The more honest conclusion is that the market no longer has a single universal winner. Cursor and Windsurf can be better daily editors. Jules can be better for async backlog throughput. Codex can be the best value if you already live inside ChatGPT. Gemini CLI is the best free terminal on-ramp. Tabnine can be the right answer when deployment policy dominates raw capability.
So the right takeaway is stack design, not tool worship. Pick one deep reasoning agent, one editor surface you actually enjoy living in, and one async or browser layer only if your workflow benefits from it.

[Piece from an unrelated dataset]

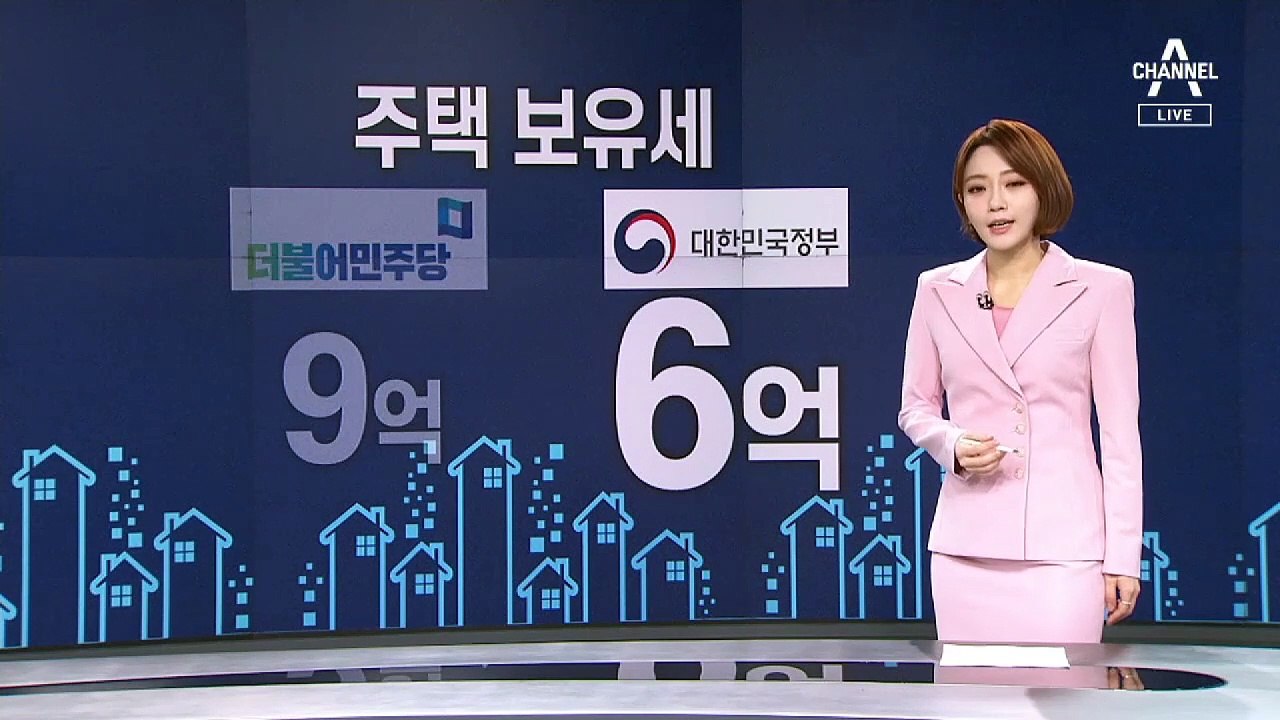 시세 90%까지 공시가격↑…6억 이하 주택 재산세율↓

If you must choose one flagship recommendation for hard engineering work, it is still Claude Code. The revised page simply makes the tradeoffs clearer, and it strips away a few market-share and ranking claims that were weaker than the rest of the evidence.
This pass prioritized official pricing pages, official product docs, official GitHub repositories, and first-party launch/update posts. Where a performance number came from a vendor rather than a neutral benchmark page, the wording was softened accordingly.